**Dataset content:**
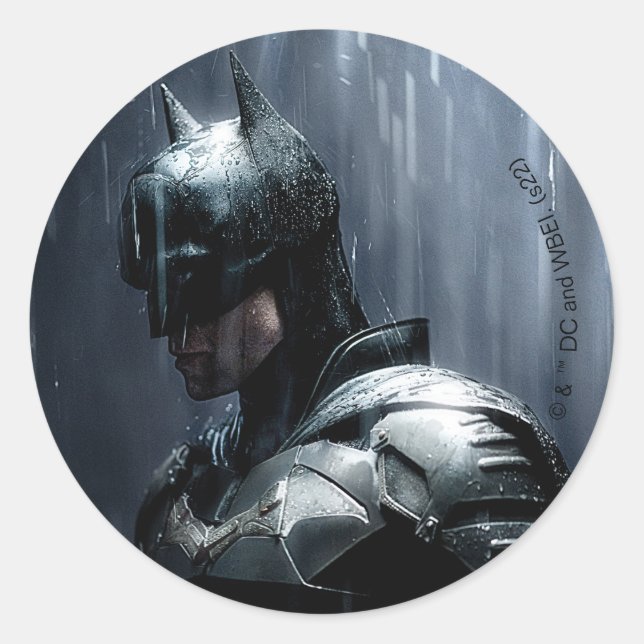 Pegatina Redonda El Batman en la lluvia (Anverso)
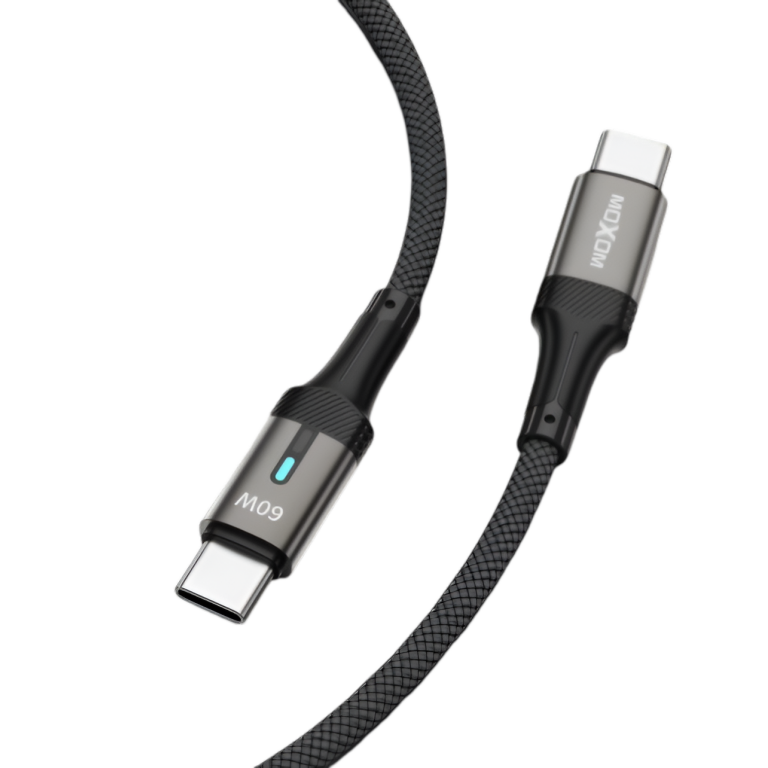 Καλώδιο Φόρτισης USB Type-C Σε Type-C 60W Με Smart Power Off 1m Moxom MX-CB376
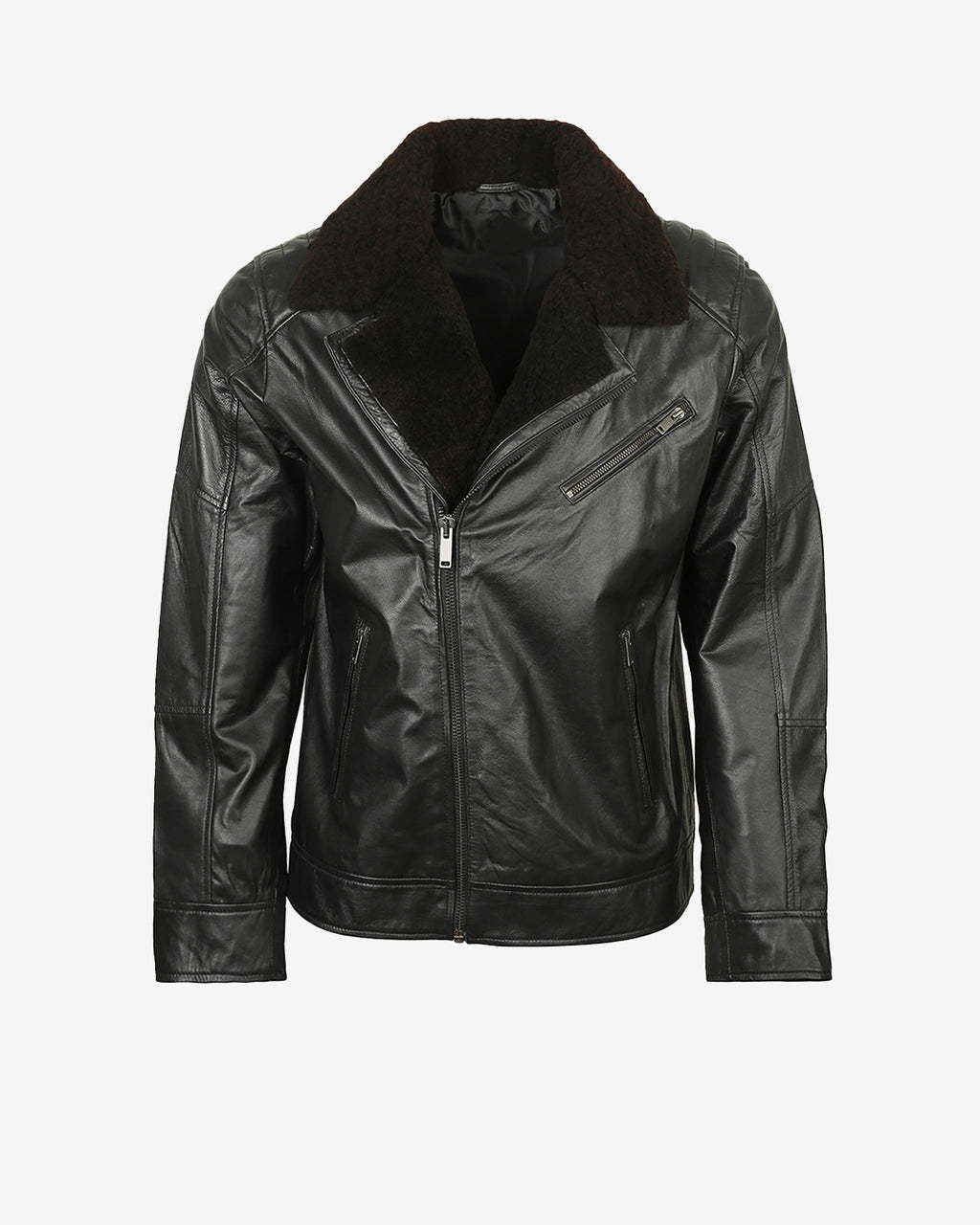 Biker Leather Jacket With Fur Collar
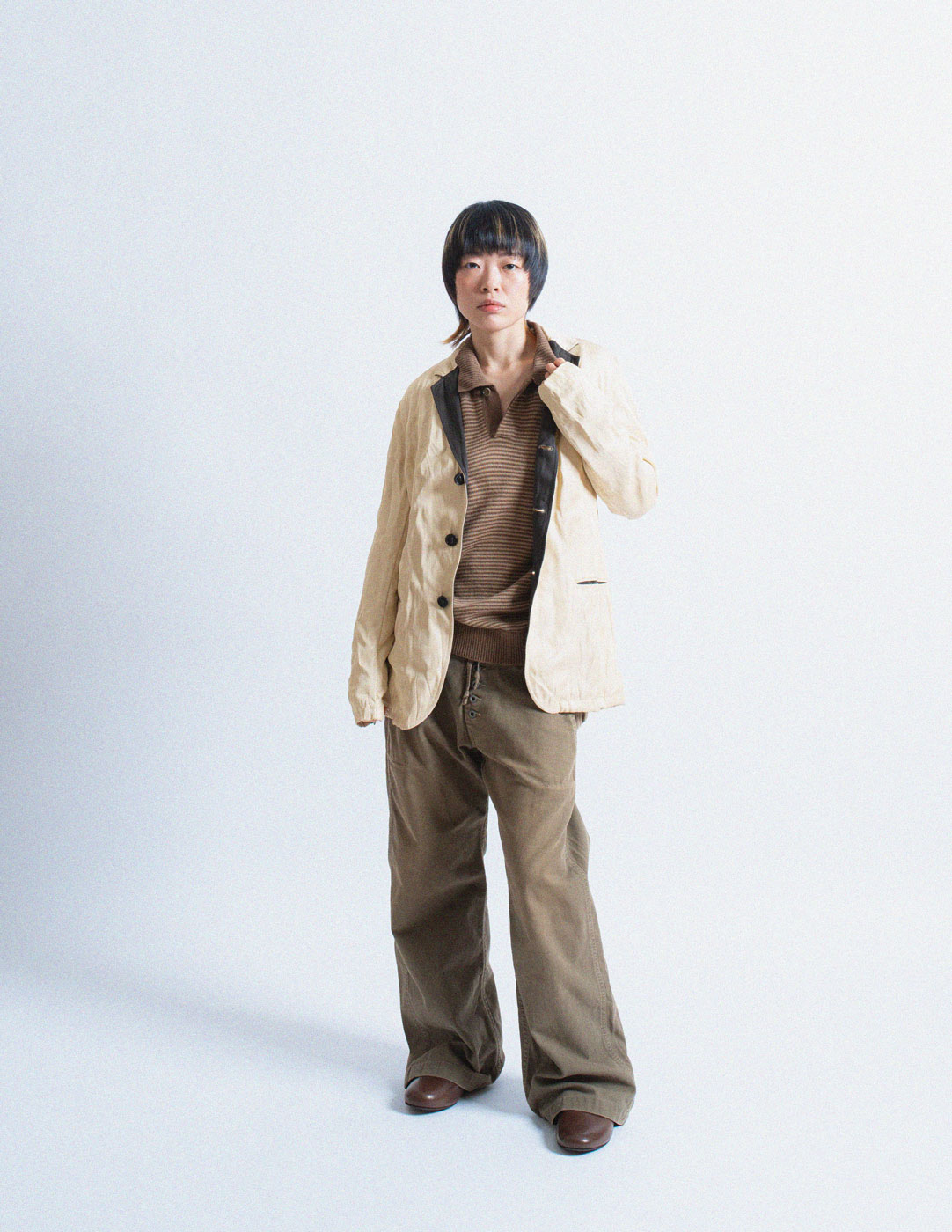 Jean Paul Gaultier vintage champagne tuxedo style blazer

**Problem statement:** Write the listing out in full, exactly; no images.

**Exercise solution:**
 Pegatina Redonda El Batman en la lluvia (Anverso)
 Καλώδιο Φόρτισης USB Type-C Σε Type-C 60W Με Smart Power Off 1m Moxom MX-CB376
 Biker Leather Jacket With Fur Collar
 Jean Paul Gaultier vintage champagne tuxedo style blazer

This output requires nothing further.